What is perhaps the most surprising thing to come out of the tape release is Kennedy’s statements that “unless the Russians do something spectacular, the only way we can defend ourselves is if we put a national security rather than a prestige label” on Apollo and that “we’ve got to wrap around… a military use for what we’re doing and spending in space.” Kennedy at one point asks Webb, “How are we going to do that?” Webb suggests several possibilities, including considering the whole space budget, civilian and military, in a single review and having the Air Force take on the development of an experimental space station testing the impact of long duration flights on humans, a role he compared to military leadership in the exploration of Antarctica. Webb also offers to step aside as NASA Administrator before the 1964 election so that Kennedy could appoint a “military man” to be in charge. (Kennedy’s response to this suggestion is, “I don’t think that is what we ought to do now.”) Webb reports that the Department of Defense and the Air Force have not been cooperative in working with NASA, hoping that if they wait long enough they will recapture the space missions they lost in 1958 when NASA was created. Kennedy responds, “So they want to control it all?” At the end of the meeting, Webb offers to bring together a small group of trusted individuals to provide options to the president with respect to giving Apollo a more military aspect, providing what Kennedy had described during the meeting as a “military shield.”

Despite his public rhetoric in support of Project Apollo, Kennedy from mid-1962 on had worried about the benefits of the undertaking compared to its rapidly increasing costs. Webb had argued in late 1962 that the real goal was space preeminence, but apparently that argument had not convinced the president.
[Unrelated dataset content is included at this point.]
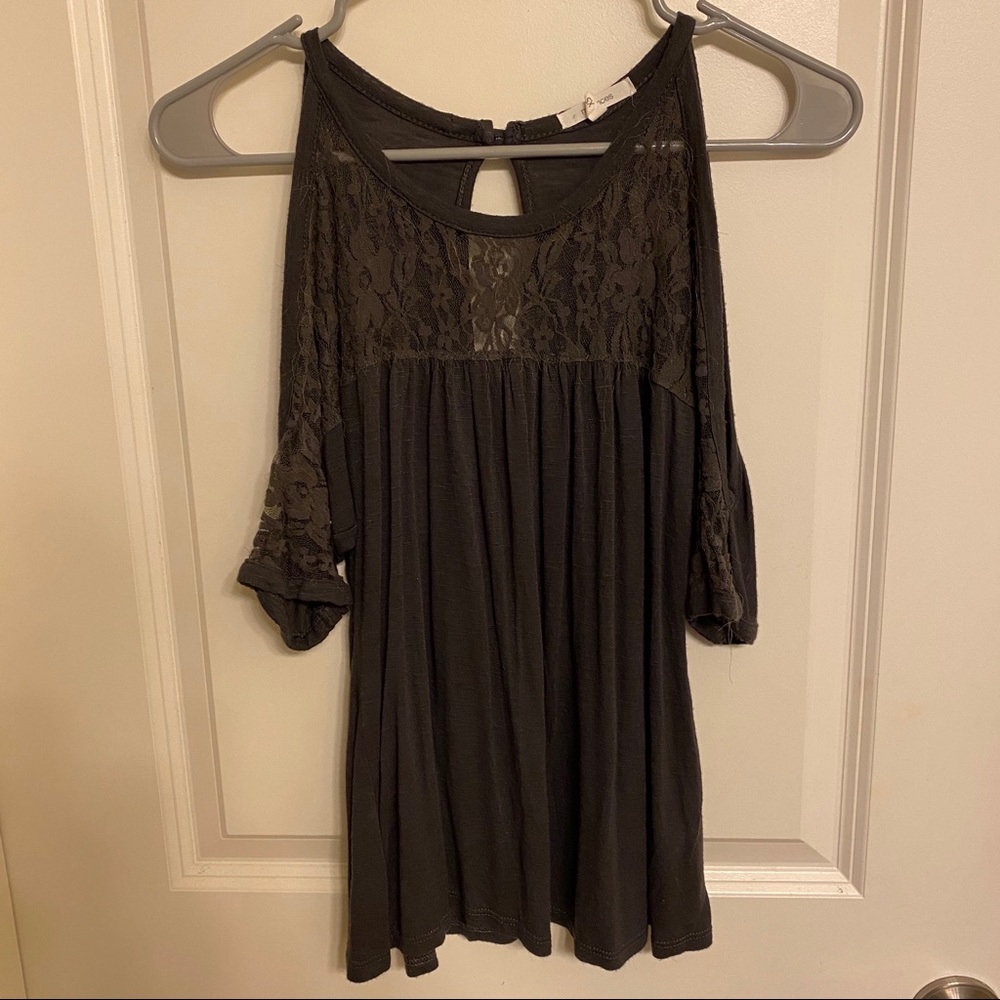 Open Shoulder w/ Lace Blouse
At the time of the September 18 meeting, Kennedy appeared to be at a low point in his enthusiasm for the political impact of the effort. During the meeting he commented that “I don’t think the space program has much political positives” and “right now space has lost a lot of its glamour.” While still wanting to go on with Apollo, Kennedy during the meeting mused that “this looks like a hell of a lot of dough to go to the Moon… putting a man on the Moon really is a stunt and it isn’t worth that many billions. Therefore the heat is going to go on unless we say that this has some military justification and not just prestige.”
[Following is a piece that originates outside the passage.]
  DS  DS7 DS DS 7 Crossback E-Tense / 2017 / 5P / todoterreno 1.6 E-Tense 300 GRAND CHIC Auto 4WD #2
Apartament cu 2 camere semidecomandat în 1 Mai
During the meeting, Webb asked President Kennedy, “What image do you want to present beyond this military image?” Kennedy’s response was revealing in terms of his viewing the space program primarily in domestic political terms: “Obviously you want to present… the kind of improvements in our national life which will come from this—the leadership of the United States and the national security we’ll get from it—all those factors.” Then he added that “the only thing that isn’t today particularly a plus” is the diminishing political support for the program compared to a year earlier.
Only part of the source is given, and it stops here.